Dans sa lettre aux Galates, saint Paul explique lui-même cette complémentarité entre sa mission et celle de Pierre : « L’annonce de l’Évangile, écrit-il, m’a été confiée pour les incirconcis, comme elle l’a été à Pierre pour les circoncis » (Ga 2, 7). Il était important que les Juifs reçoivent l’annonce du salut qui était l’objet de leur espérance depuis des siècles. Israël constitue le peuple choisi par Dieu dès la première alliance. C’est par lui que le salut devait être communiqué au monde entier. C’est au sein de ce peuple que le Fils unique de Dieu a pris notre chair pour nous racheter du péché. C’est parmi les fils d’Israël que Jésus a choisi ses apôtres. Car le salut vient des Juifs. L’Église naissante ne pouvait en aucune façon se désintéresser du peuple de l’ancienne alliance puisque c’est de lui qu’elle a surgi. Et Pierre a été appelé à annoncer aux fils d’Israël la bonne nouvelle de la rédemption en Jésus Christ. Il faut dans l’Église des hommes qui mettent en valeur la continuité du dessein de Dieu. Des hommes qui s’adressent à ceux qui leur sont proches pour leur indiquer les inflexions du chemin qu’ils suivaient déjà. Ces hommes, comme Pierre, incarnent la stabilité du projet de Dieu pour l’humanité. Ils sont nécessaires à l’Église, et l’on en trouve dans toutes les communautés tant paroissiales que religieuses.

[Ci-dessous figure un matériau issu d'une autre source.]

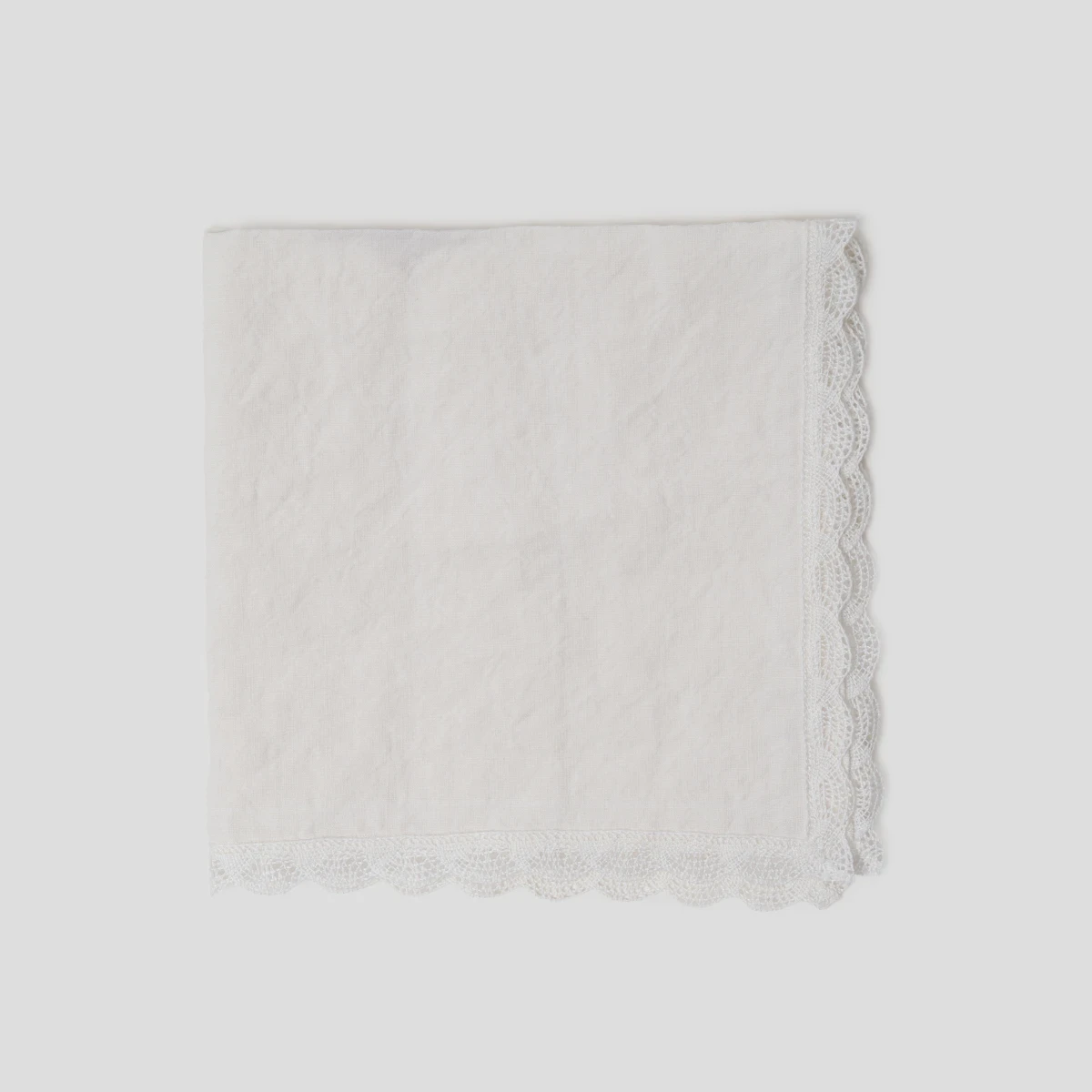 Serwetka lniana z koronką oyster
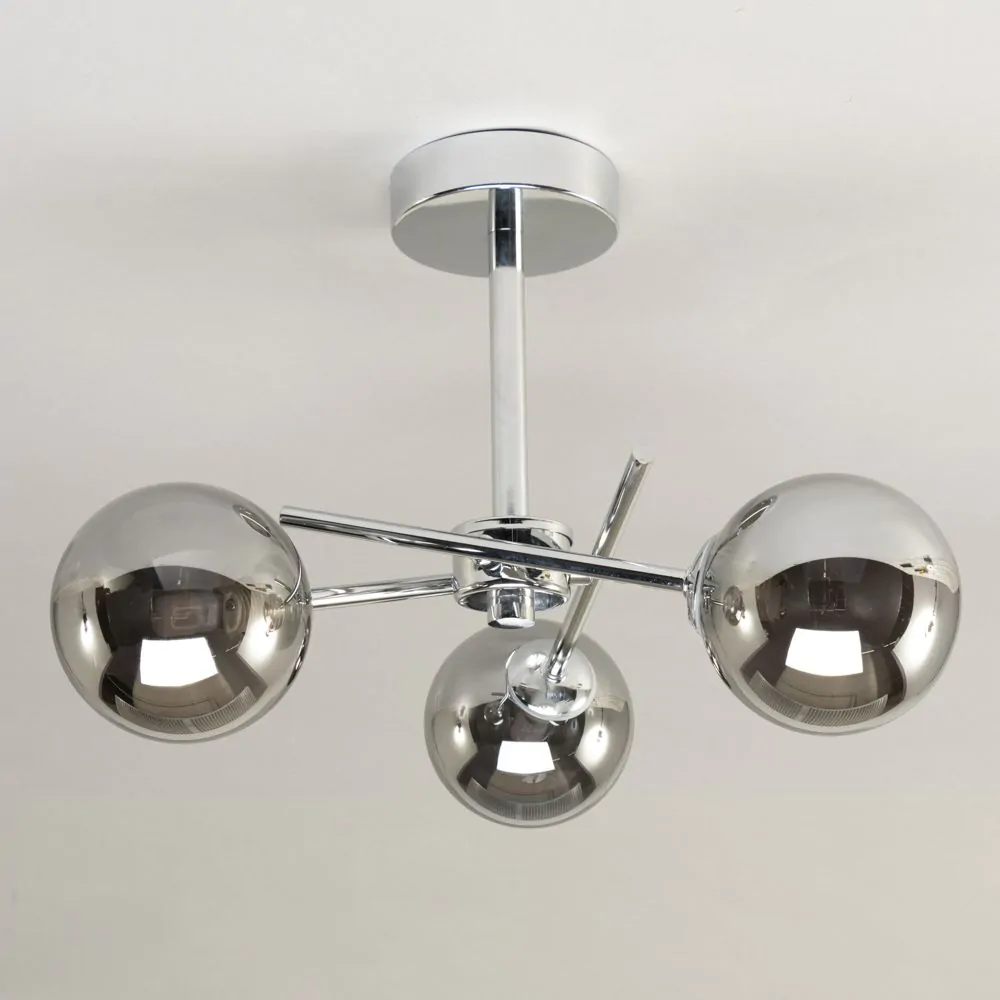 Nera Bathroom Cross Arm Semi Flush Ceiling Light, Chrome - Image 4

À côté de la vocation de Pierre, il y a aussi celle de Paul, appelé à annoncer l’Évangile aux nations païennes. Si au cours de l’ancienne alliance, Dieu s’est choisi un peuple particulier, ce n’est pas pour limiter les destinataires de ses bienfaits à une petite portion de l’humanité, mais c’est pour qu’Israël soit le canal de la grâce accordée à tous les hommes. « Je fais de toi la lumière des nations, dit le Seigneur à son peuple dans le deuxième chant du serviteur, pour que mon salut parvienne jusqu’aux extrémités de la terre » (Is 49, 6). Et Paul a reçu par grâce la révélation de ce mystère, comme il l’explique dans son épître aux Éphésiens : « Ce mystère, c’est que toutes les nations sont associées au même héritage, au même corps, au partage de la même promesse, dans le Christ Jésus » (Ep 3, 6). Pour répondre à l’appel qu’il avait reçu de proclamer l’Évangile aux païens, saint Paul n’a pas hésité à se tourner vers les périphéries, pour reprendre le vocabulaire d’un pape du XXIe siècle. Il n’a pas craint d’emprunter des pistes inexplorées jusqu’alors. Pour remettre en question l’exigence de la circoncision, il fallait, reconnaissons-le, une certaine audace. Celle-ci a été nécessaire pour ouvrir aux païens l’accès au salut. Pour être fidèle à sa mission universelle, l’Église a besoin d’hommes comme saint Paul, qui mettent en lumière la nouveauté du salut apporté par le Christ.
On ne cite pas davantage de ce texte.